-- Entries shown --
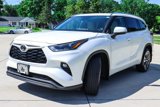 Used 2021 Toyota Highlander XLE image 3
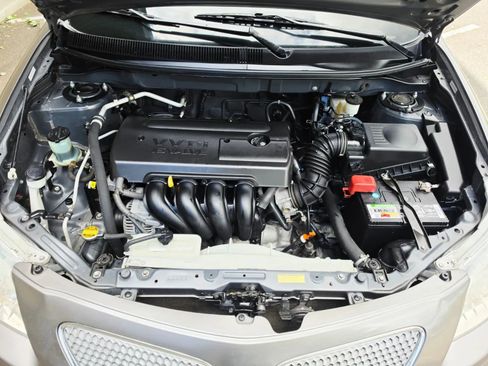 Used 2006 Pontiac Vibe w/ Sun And Sound Package FWD image 17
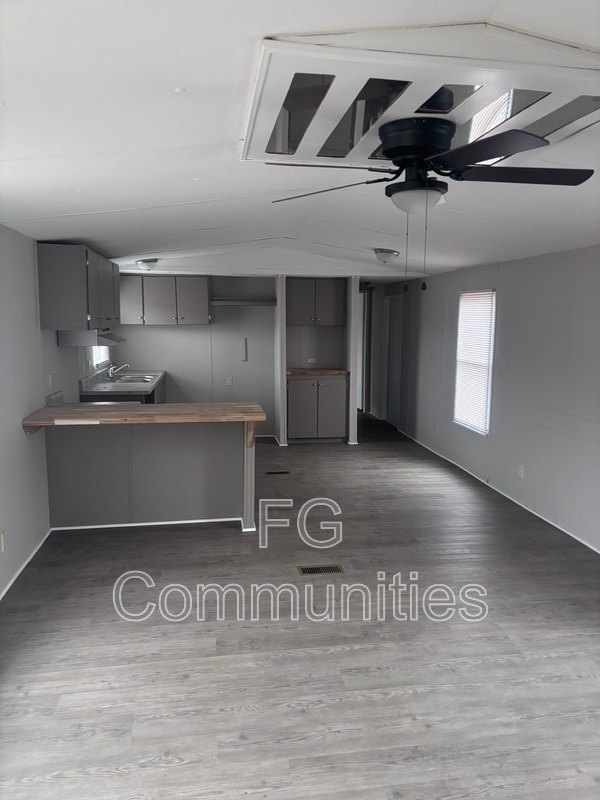 Building Photo - 123 Ray Cir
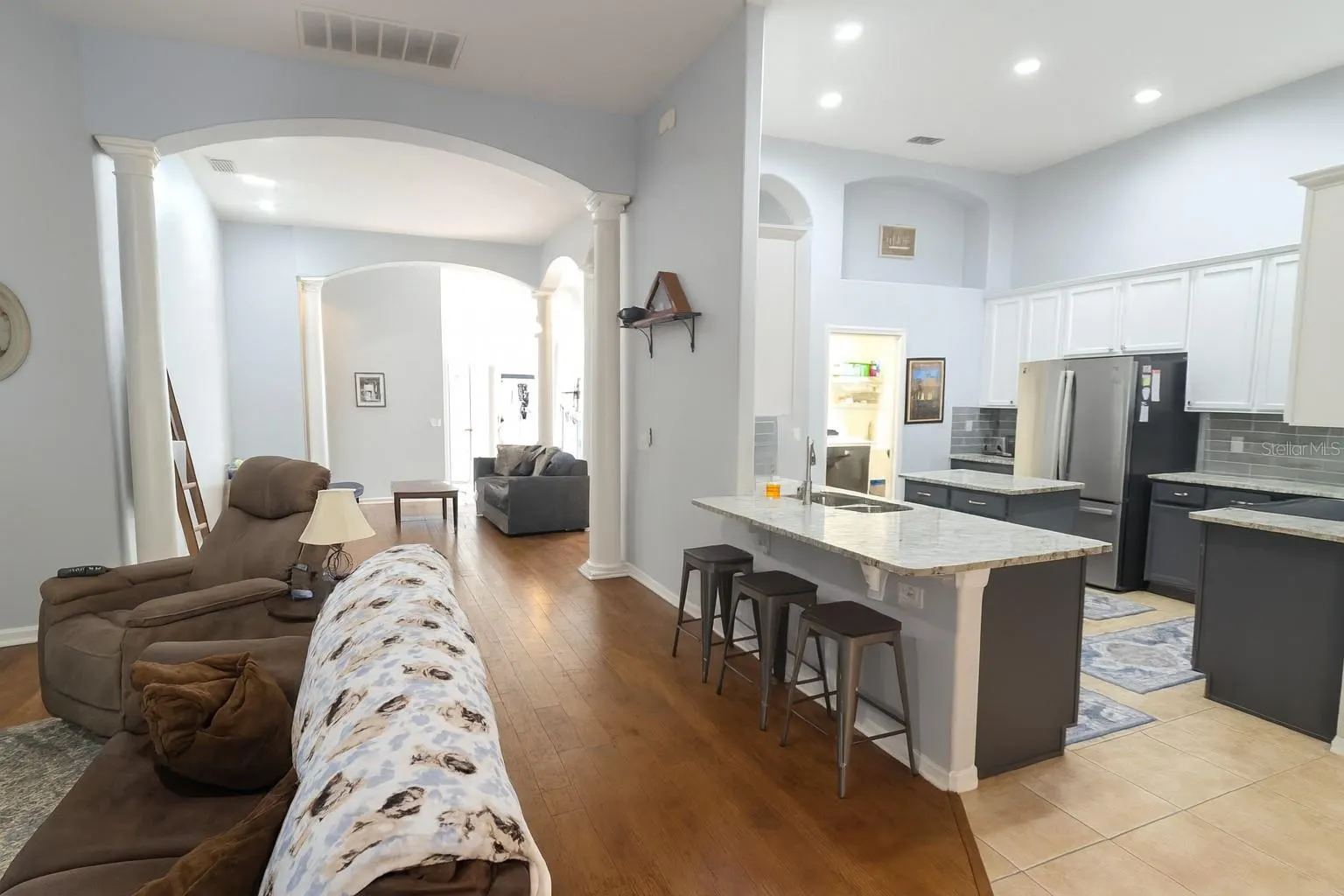 326 LARGOVISTA DR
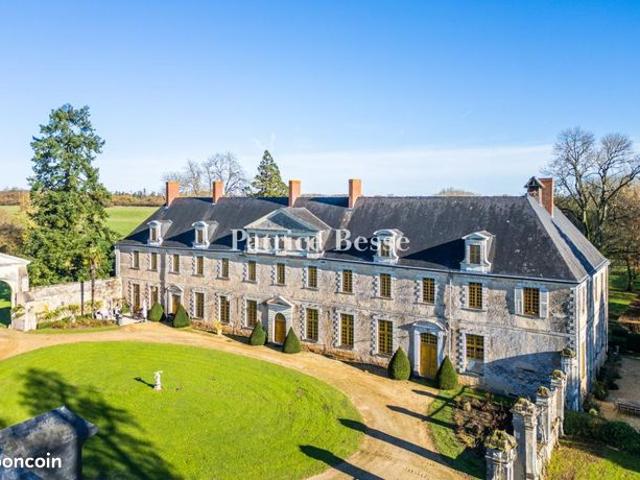 Château 20 pièces 800 m²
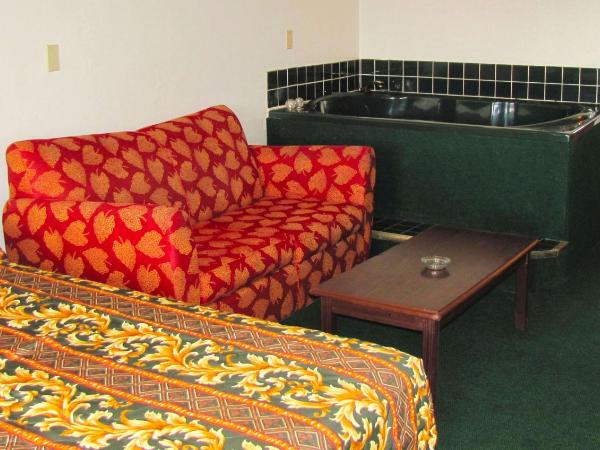 M Star Columbus North : photo 5 de la chambre chambre double avec baignoire spa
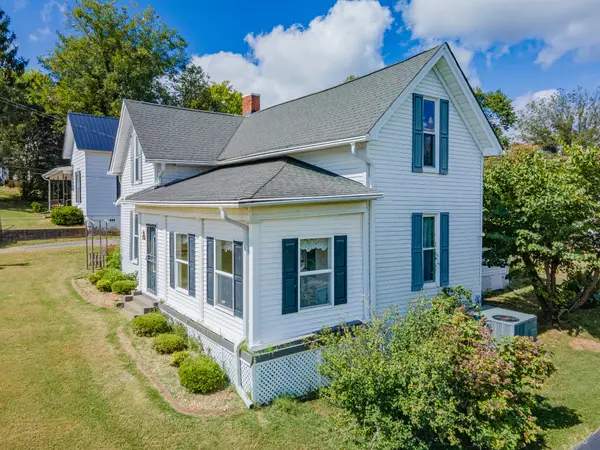 1945 Main St, Lynnville, TN 38472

-- Task description --
What this calls for is a word-for-word copy of the listing above, pictures excluded.

-- Output below --
 Used 2021 Toyota Highlander XLE image 3
 Used 2006 Pontiac Vibe w/ Sun And Sound Package FWD image 17
 Building Photo - 123 Ray Cir
 326 LARGOVISTA DR
 Château 20 pièces 800 m²
 M Star Columbus North : photo 5 de la chambre chambre double avec baignoire spa
 1945 Main St, Lynnville, TN 38472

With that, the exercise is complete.